# QSI Sound Impression



## tankist (Jun 11, 2009)

so i got an engine with said system in a trade with member from the other forum. those who own these decoders will not read anything new here but here is my impression. while QSI is noticeably lighter on base then BLI, the functionality is several steps above.




*Dynamic brakes* - they will not start unless the engine is above certain speed, and will stop as soon as engine slows down to pint where they no longer efficient. meaning that engineer navigating down the slope with dynamic brakes on, will not need to bother shutting them off manually as he reaches the bottom. (i would think most people probably know what dynamic brakes are)

*3 states of shutdown.* i absolutely love that instead of shutting the engine completely i can leave it on low idle. and when on low idle (or completely shut down) the engine will not respond to any engine commands - flicking the throttle by mistake will not move it until start-up sequence is complete.sound of doors closing when engineer leaves or enters the cold engine is a bonus. there s also a mode with high idle engine disconnect (sound of revving engine while the loco stays put) but i'm not sure where that would be used

* Engine labor* acceleration momentum is required and feature works best with a considerable setting. wile just playing back power notches and transition from one notch to another is nice, this decoder will produce sounds of laboring engine as it accelerates to set notch and usual cruise sound as it actually reaches it. 

*Air Brake* !!! can be experienced best with deceleration momentum set to large value. as the engine decelerates at set momentum, enabling air-brake besides turning on the sound of released air, will actually increase braking effort. proportionally even! meaning that the longer the air brake was was enabled the faster engine will stop (as if it actually released more air ). the sound of screeching brakes as the engine is near stop comes on automatically and stops just before the engine actually stops

*audio CV readback* with the extra power needed to program the engine it can only be programmed in OP mode meaning that normally one will not be able to read CV values from decoder - as if programming blindly. so to confirm value assignment engine actually announces it in spoken words. it even has function to announce vocally values of any other CV of choice. what a save of situation!
i love the fact one can ask the engine to announce its ID and consist ID.
manual says it should also announce its scale speed while moving but for some reason that feature i could not turn on yet. time to download QSI manual

some other smaller neat surprises are there as well

so, while expensive, QSI system is simply mind-blowing.


----------



## tankist (Jun 11, 2009)

following up with Video doodle. 
http://www.youtube.com/watch?v=fxqNC93qe08&hd=1

had clear "script" to follow in mind but when i actually took the cam it evaporated. so i shot bunch of random shots... need to start to write things down. first experiment with pulling focus, hard to do without proper focusing ring and i guess video monitor (which i don't have )would be useful here. and as always i really could use better lighting, or at least set manual WB...
when my layout takes better shape i will try to approach this in more serious way.


----------



## Stillakid (Jan 12, 2010)

*Way Neat!*

Anton, your setup is getting to the point that you may not be needed to run the system!!!!:laugh::laugh::laugh:

Incredible realism!:thumbsup:

Jim


----------



## dozer (Jan 2, 2010)

QSI is simply awesome.
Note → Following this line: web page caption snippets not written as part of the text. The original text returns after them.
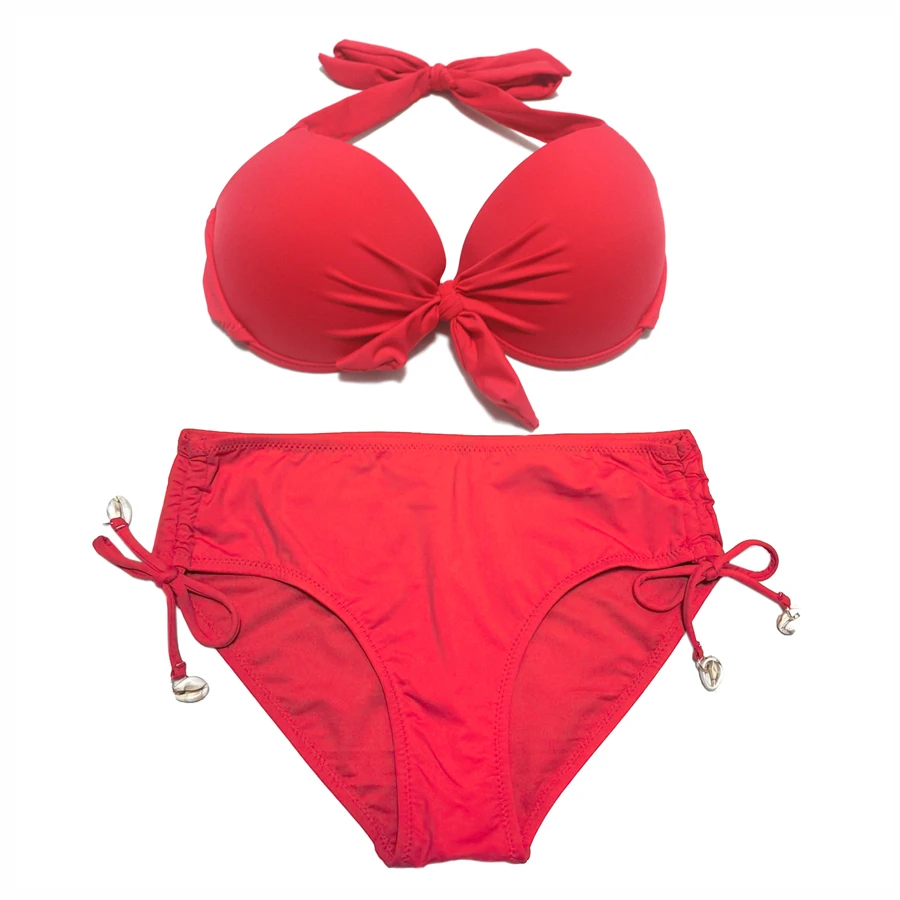 Bikini de realce para mujer, bañadores de cintura media, trajes de baño ajustables con lazo
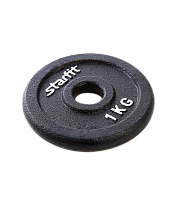 Диск чугунный Starfit BB-204 1 кг, d=26 мм, черный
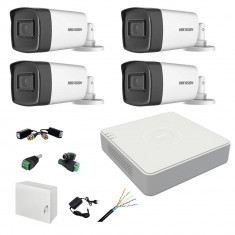 Kit complet profesional 4 camere supraveghere exterior 5MP TurboHD HIKVISION 40 m IR SafetyGuard Surveillance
I just yesterday bought a Bowser U25C in BN with the QSI installed. I will comment though that the air horn is not nearly as loud as my Athearn with the QSI even after adjusting all the CV's.

Well I take all this back, lol.... both engines are equipped with Soundtraxx systems. the BLI I had was QSI. ooops lol...


----------



## tankist (Jun 11, 2009)

dozer said:


> QSI is simply awesome. I just yesterday bought a Bowser U25C in BN with the QSI installed. I will comment though that the air horn is not nearly as loud as my Athearn with the QSI even after adjusting all the CV's.
> 
> Well I take all this back, lol.... both engines are equipped with Soundtraxx systems. the BLI I had was QSI. ooops lol...


BLI uses QSI only in their paragon line. blue line has their own developed sound


----------